Exercise prompt → Nothing but the lines below from the one holding "Nude on a Sofa" up to and including the one holding "Зажигалка Zippo Brushed" should be copied, exactly and without pictures.

Input data →
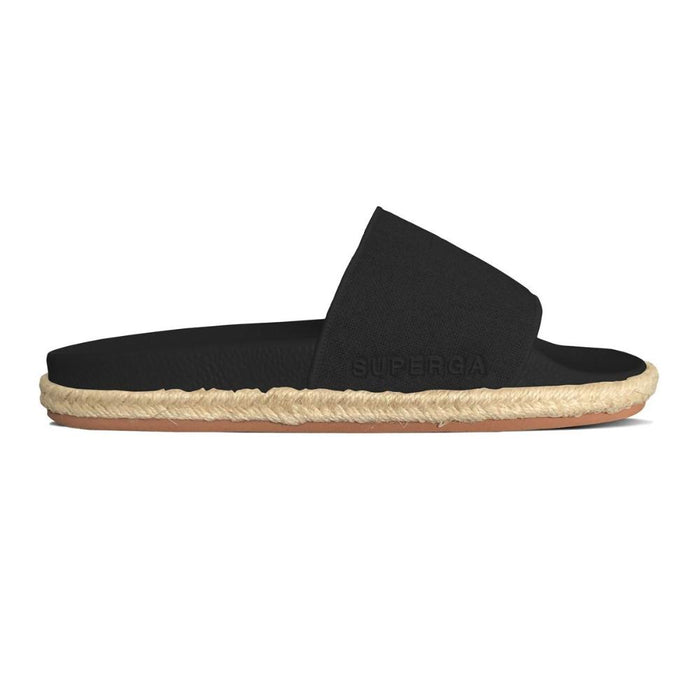 Sandalia 1908 Slides Organic Canvas Rope Black Superga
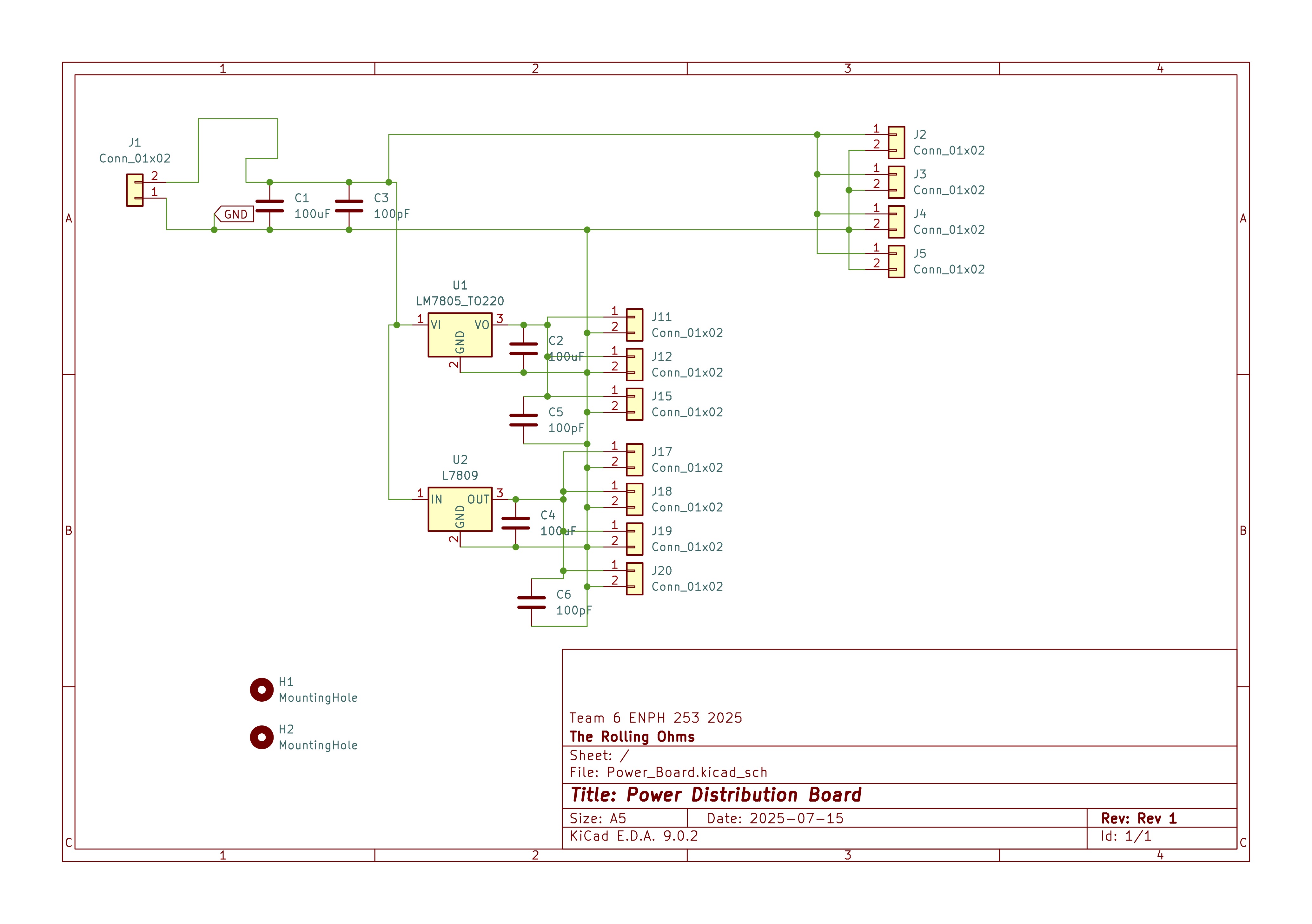 Power distribution PCB schematic sheet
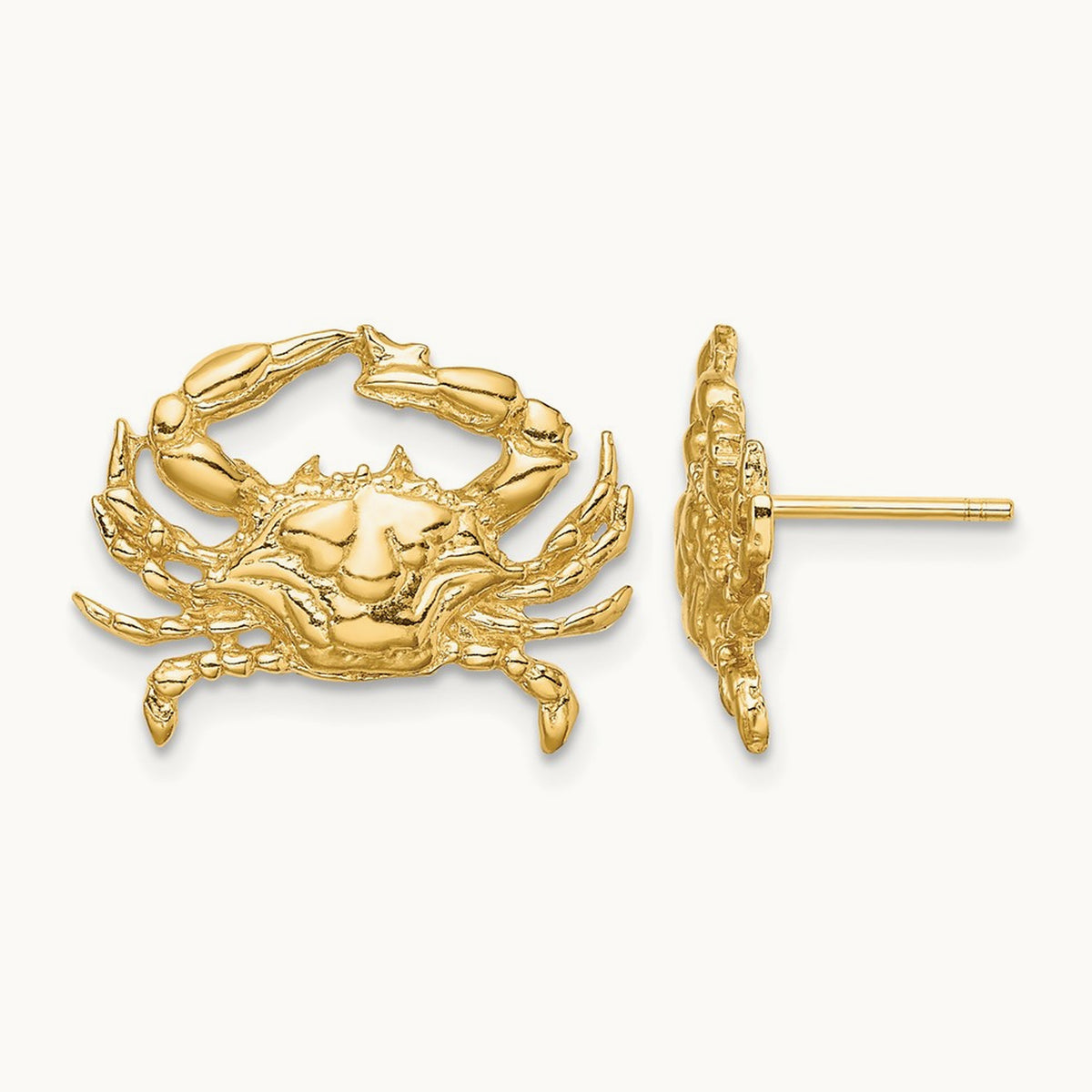 2-D Blue Crab Post Earrings, 14K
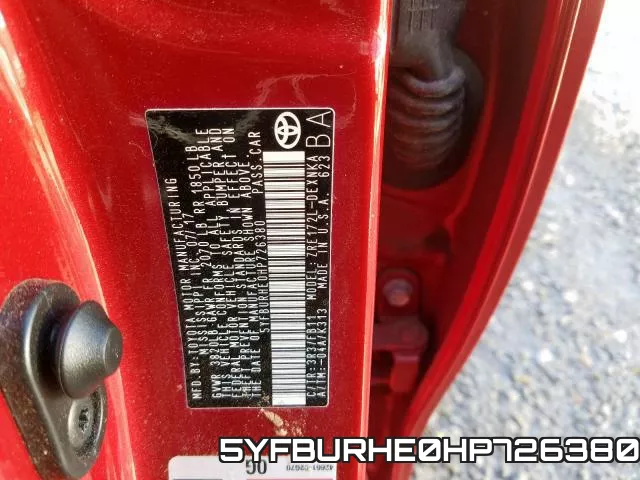 5YFBURHE0HP726380 фото 2
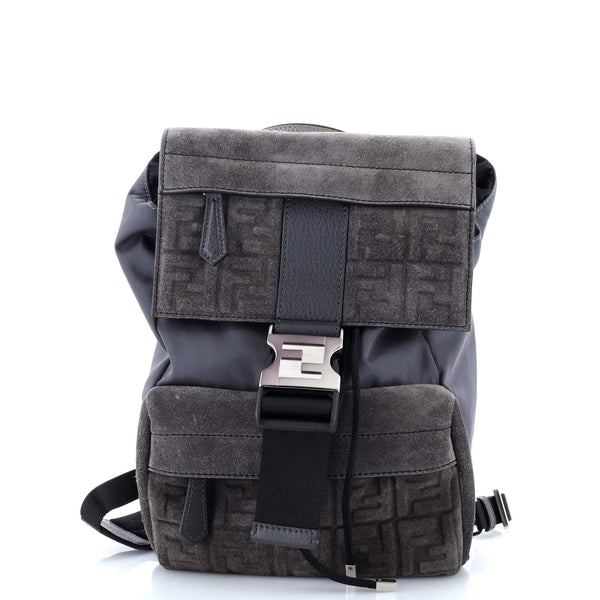 Fendi Zucca Backpack Gray Suede Fendi Brown FF Zucca Embossed Suede Grey Nylon Medium  main image 3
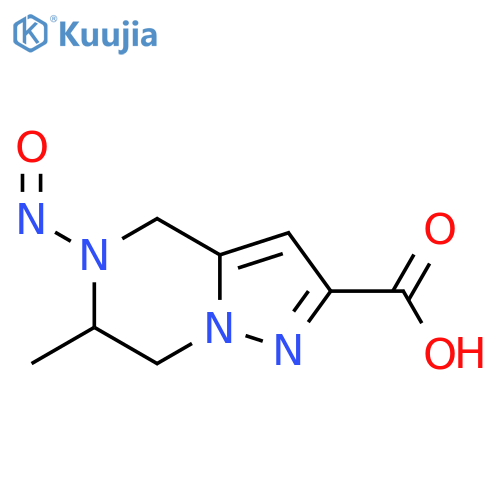 6-methyl-5-nitroso-4H,5H,6H,7H-pyrazolo[1,5-a]pyrazine-2-carboxylic acid structure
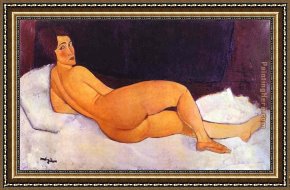 Nude on a Sofa Framed Paintings - Nude Looking over Her Right Shoulder by Amedeo Modigliani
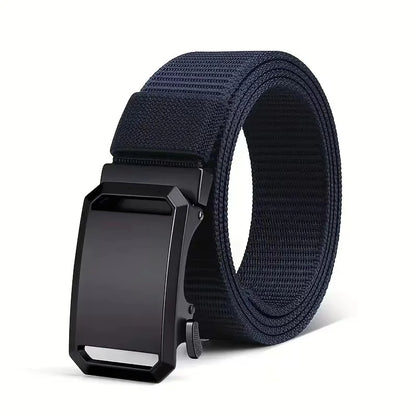 New Automatic Buckle Belt, Canvas Tactical Workwear Casual Outdoor Military Training Pants Belt For Men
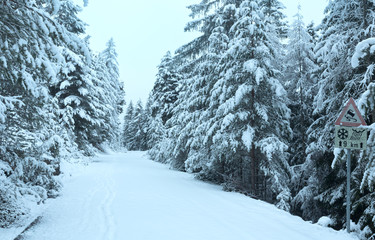 Fototapeta premium Snowy mountain pass road.
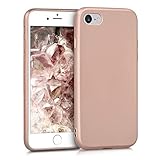 kwmobile Case kompatibel mit Apple iPhone SE (2022) / iPhone SE (2020) / iPhone 8 / iPhone 7 Hülle - Schutzhülle aus Silikon metallisch schimmernd - Handyhülle Metallic Roseg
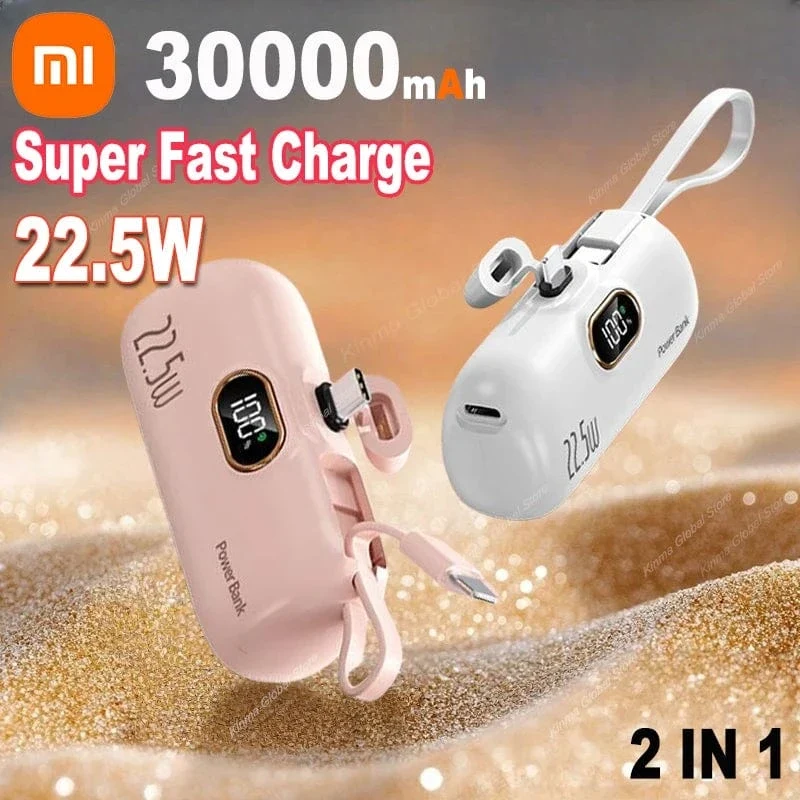 Xiaomi Mini Praktische Mobile Power Bank 30000mah Tragbares Schnellladen Geeignet für iPhone 16 Samsung Xiaomi Externer Akku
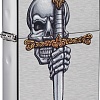 Зажигалка Zippo Brushed Chrome Sword Skull Design 49488
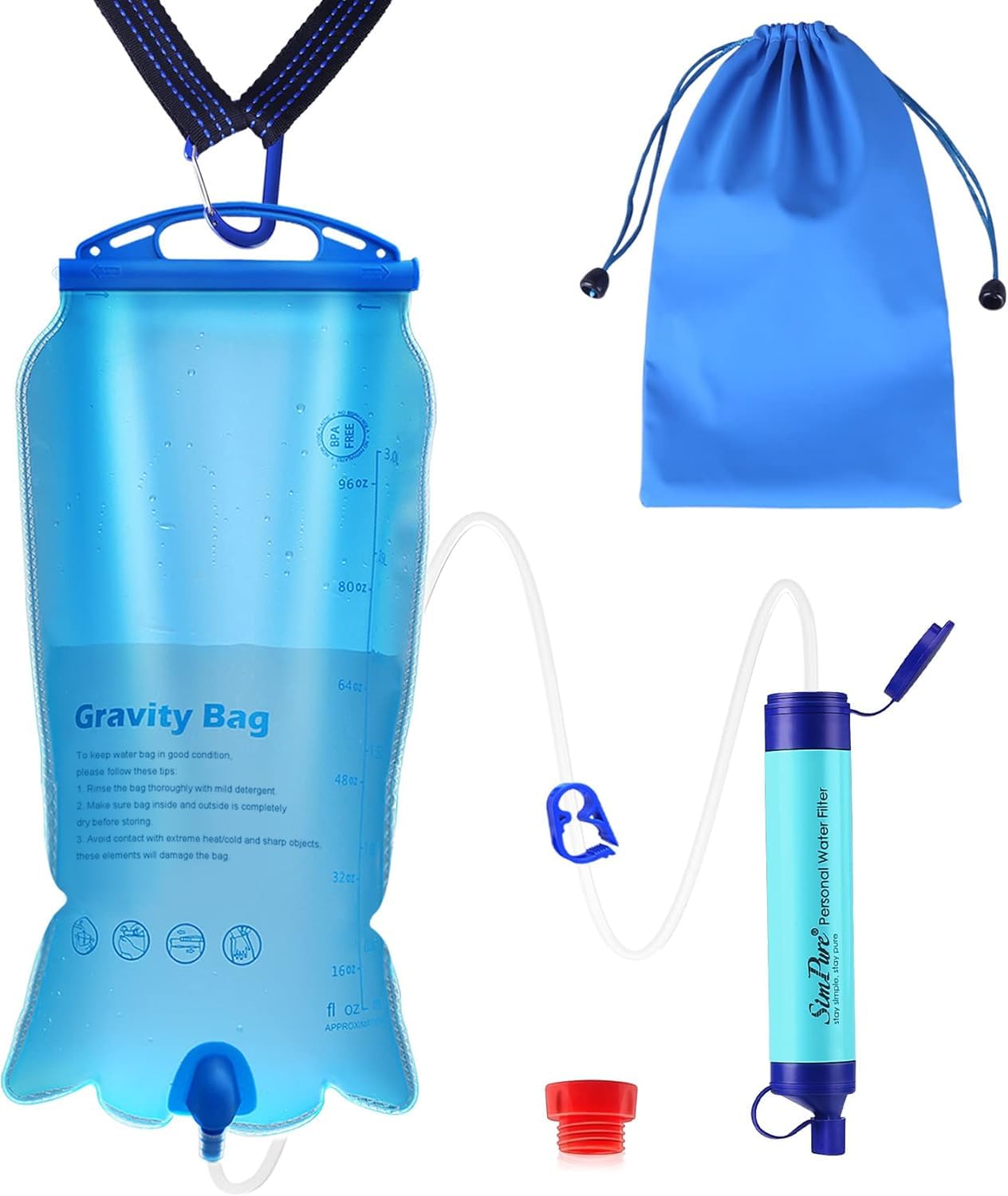SimPure gravity water filter kit laid out: blue 3L gravity bag with hanging strap and carabiner, hose with shut-off clamp, red bottle adaptor, filter straw and drawstring pouch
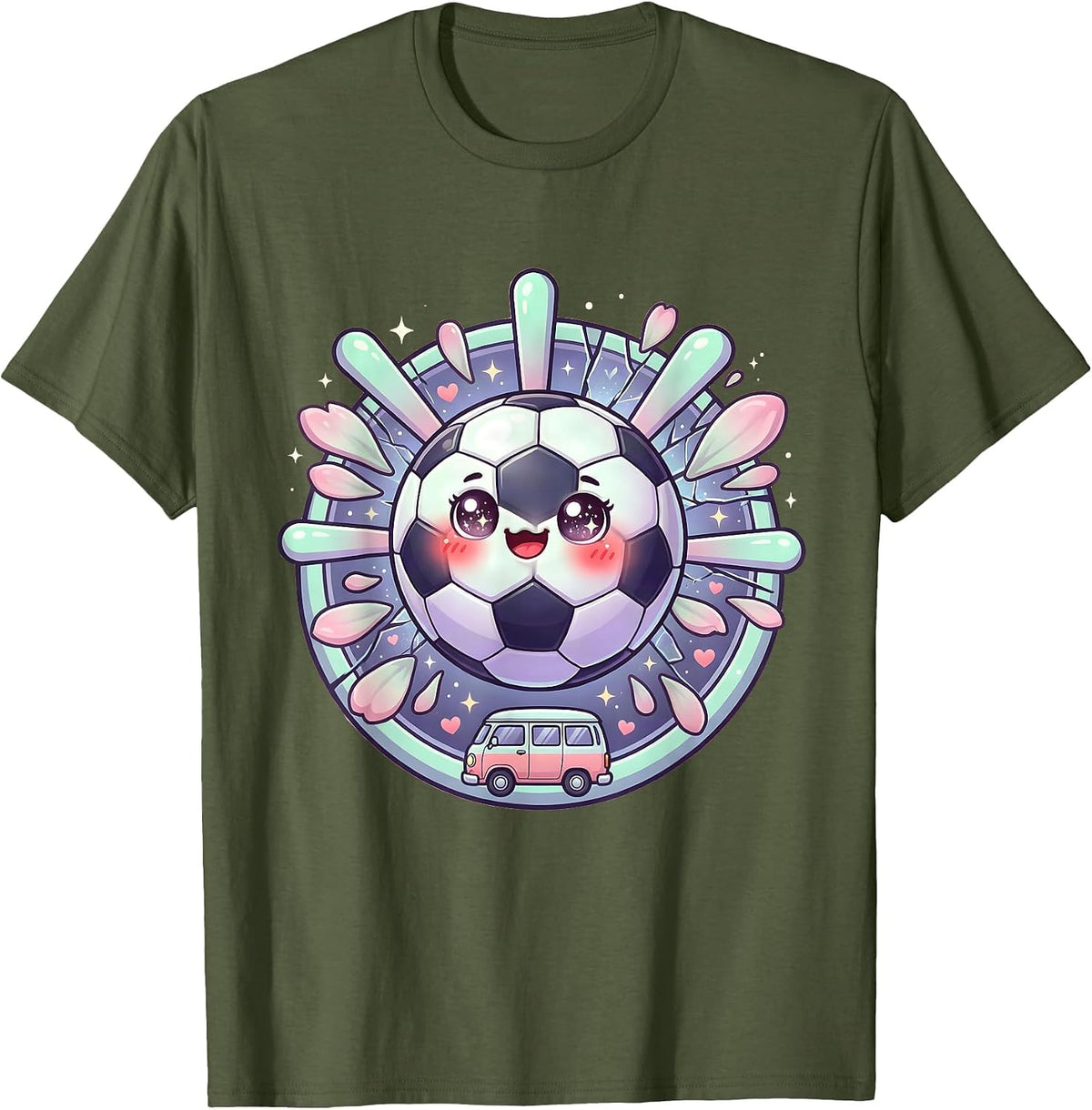 Men's Soccer Mom Minivan Window Burst Graphic T-Shirt - Olive Green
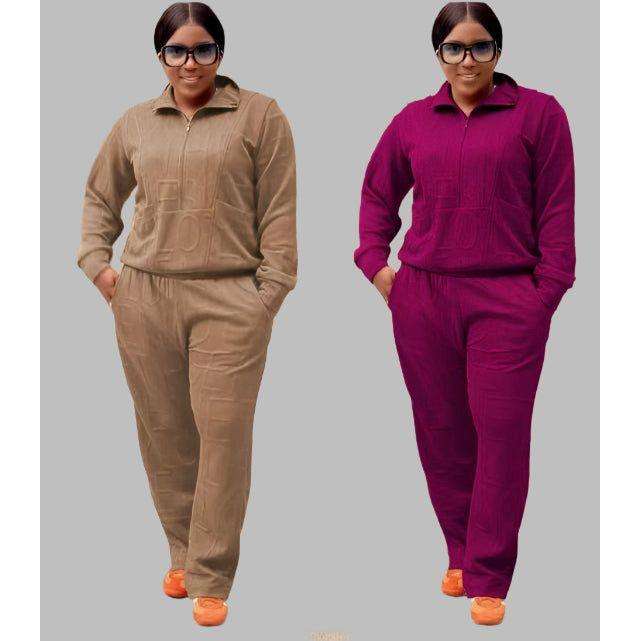 2 Piece Lounge Set with Zipper and Drawstring Waistband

Solution to this problem →
 Nude on a Sofa Framed Paintings - Nude Looking over Her Right Shoulder by Amedeo Modigliani
 New Automatic Buckle Belt, Canvas Tactical Workwear Casual Outdoor Military Training Pants Belt For Men
 Fototapeta premium Snowy mountain pass road.
 kwmobile Case kompatibel mit Apple iPhone SE (2022) / iPhone SE (2020) / iPhone 8 / iPhone 7 Hülle - Schutzhülle aus Silikon metallisch schimmernd - Handyhülle Metallic Roseg
 Xiaomi Mini Praktische Mobile Power Bank 30000mah Tragbares Schnellladen Geeignet für iPhone 16 Samsung Xiaomi Externer Akku
 Зажигалка Zippo Brushed Chrome Sword Skull Design 49488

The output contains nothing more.